Directions ::
I'd like the records transcribed exactly, leaving the images out.

(Crawled caption data)
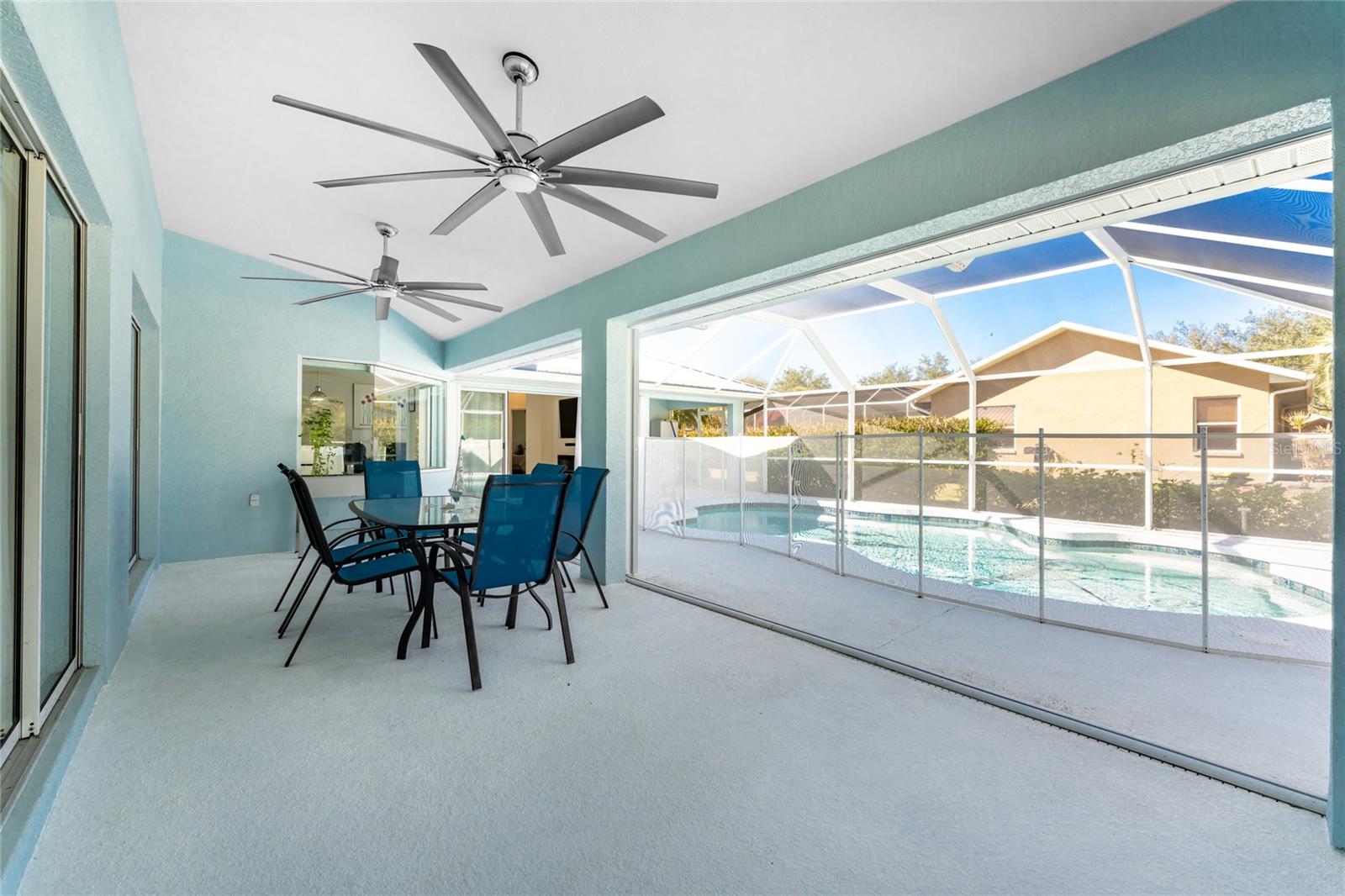 HRBR HEIGHTS - Residential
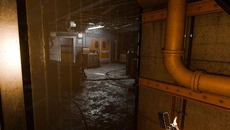 CRYO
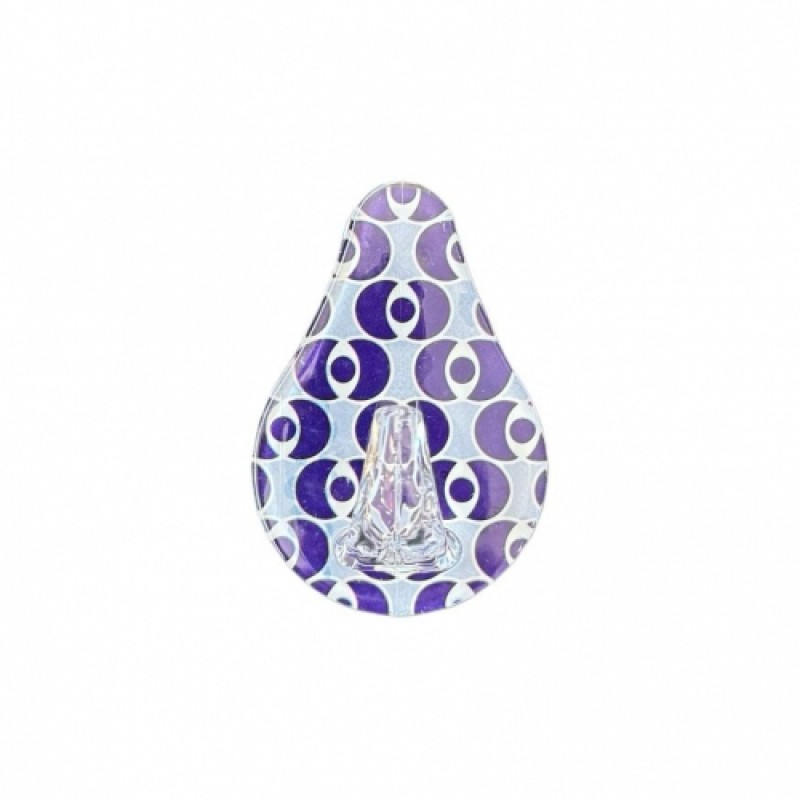 Вешалка Плесень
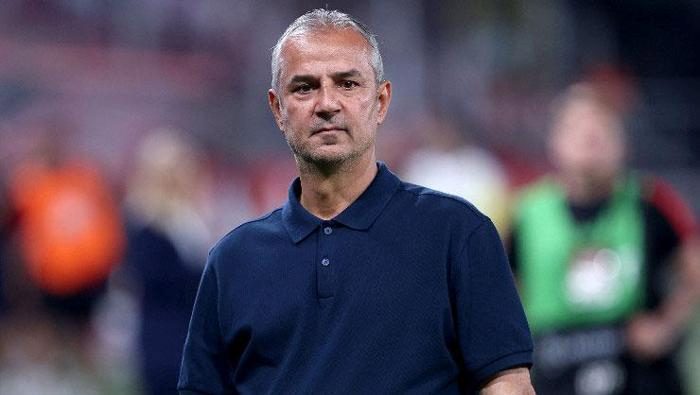 Gornik Zabrze - Fenerbahçe maçı sonrası eleştirdi: 'Felsefe tam oturmamış gibi' | 'Fenerbahçe'ye yakışmadı' 3 gornik zabrze fenerbahce maci sonrasi elestirdi felsefe tam oturmamis gibi fenerbahceye yakismadi CTKWzruM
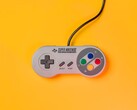 Terranigma devrait sortir sur PC et consoles en 2027.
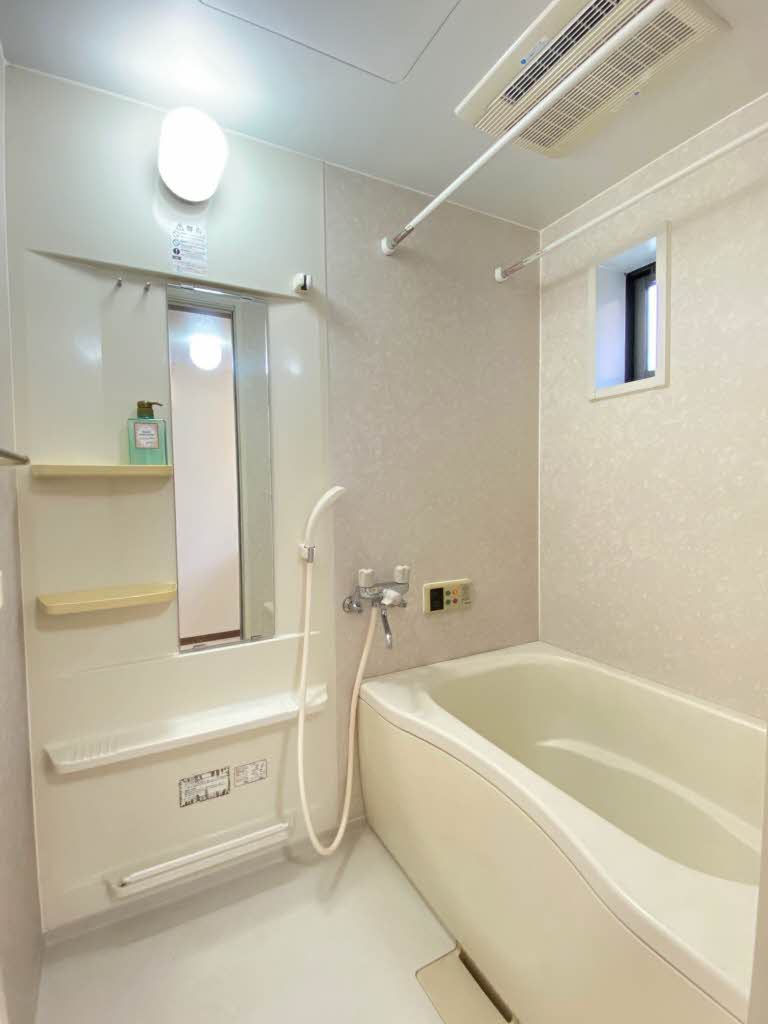 ＳＵＮ　ＨＥＩＧＨＴＳ　Ⅰ 102号-9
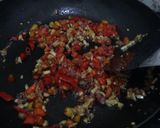 Foto langkah ke 2 dari resep Sambal Mbe.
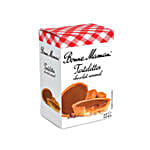 French Gourmet Picnic Hamper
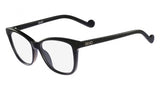 Liu Jo LJ2639 Eyeglasses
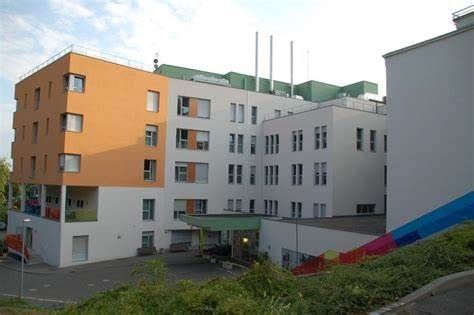 Marché aux puces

Solution for this task ::
 HRBR HEIGHTS - Residential
 CRYO
 Вешалка Плесень
 Gornik Zabrze - Fenerbahçe maçı sonrası eleştirdi: 'Felsefe tam oturmamış gibi' | 'Fenerbahçe'ye yakışmadı' 3 gornik zabrze fenerbahce maci sonrasi elestirdi felsefe tam oturmamis gibi fenerbahceye yakismadi CTKWzruM
 Terranigma devrait sortir sur PC et consoles en 2027.
 ＳＵＮ　ＨＥＩＧＨＴＳ　Ⅰ 102号-9
 Foto langkah ke 2 dari resep Sambal Mbe.
 French Gourmet Picnic Hamper
 Liu Jo LJ2639 Eyeglasses
 Marché aux puces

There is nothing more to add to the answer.